### EXERCISE BRIEF:
The required output is the exact run of lines below that opens at the line with "内蒙古呼和浩特市测绘资质申请视频文案范文,测绘资质申请表范文。" and closes at the line with "Nigeria Nigerian Nigeria".

### RECORDS SUPPLIED:
>>>

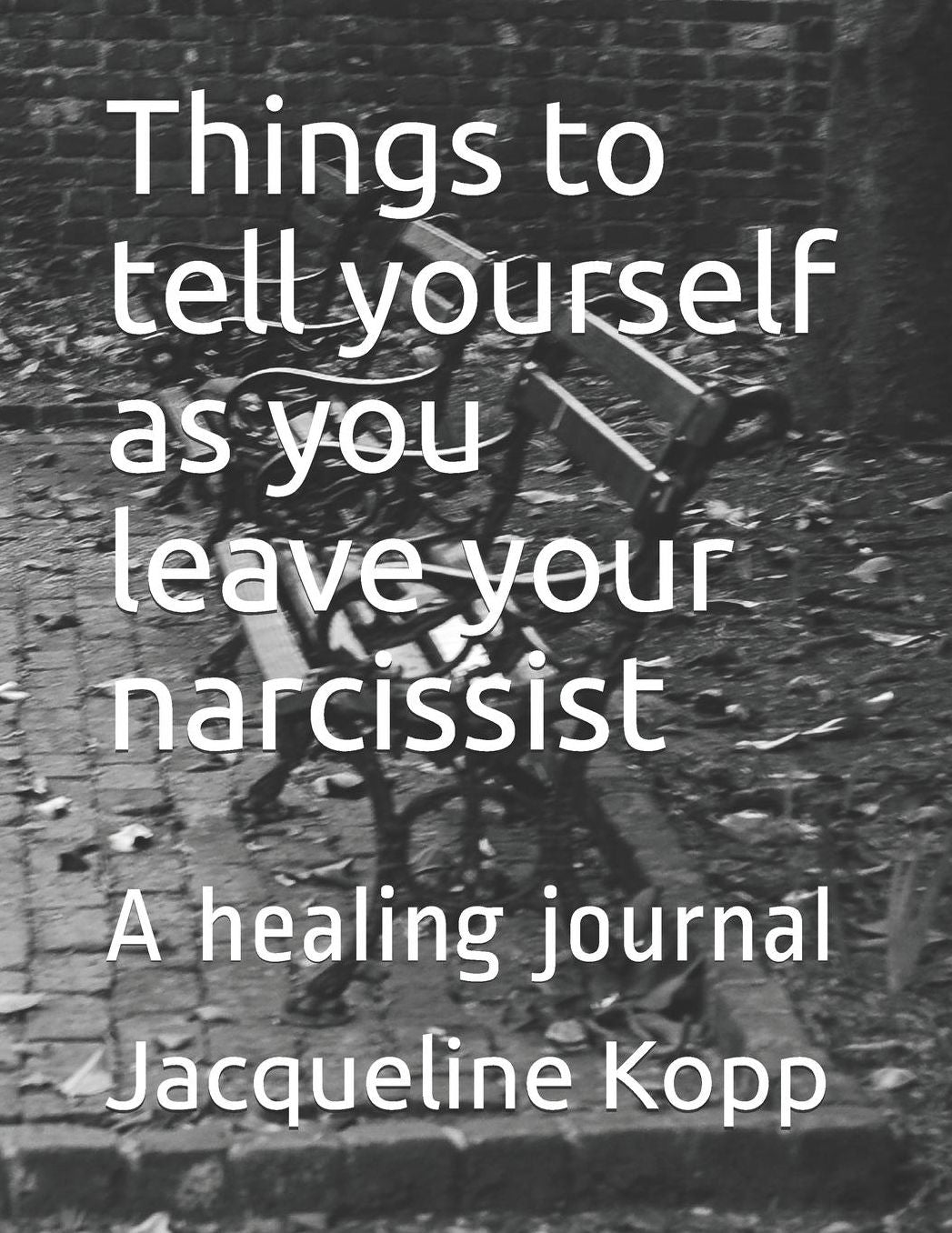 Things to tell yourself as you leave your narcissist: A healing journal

<<<
>>>

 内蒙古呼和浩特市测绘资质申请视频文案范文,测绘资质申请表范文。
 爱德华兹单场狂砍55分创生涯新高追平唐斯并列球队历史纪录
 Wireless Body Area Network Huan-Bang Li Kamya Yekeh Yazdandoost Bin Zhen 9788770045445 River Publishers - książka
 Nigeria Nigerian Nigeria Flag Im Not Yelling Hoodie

<<<

### TASK SOLUTION:
 内蒙古呼和浩特市测绘资质申请视频文案范文,测绘资质申请表范文。
 爱德华兹单场狂砍55分创生涯新高追平唐斯并列球队历史纪录
 Wireless Body Area Network Huan-Bang Li Kamya Yekeh Yazdandoost Bin Zhen 9788770045445 River Publishers - książka
 Nigeria Nigerian Nigeria Flag Im Not Yelling Hoodie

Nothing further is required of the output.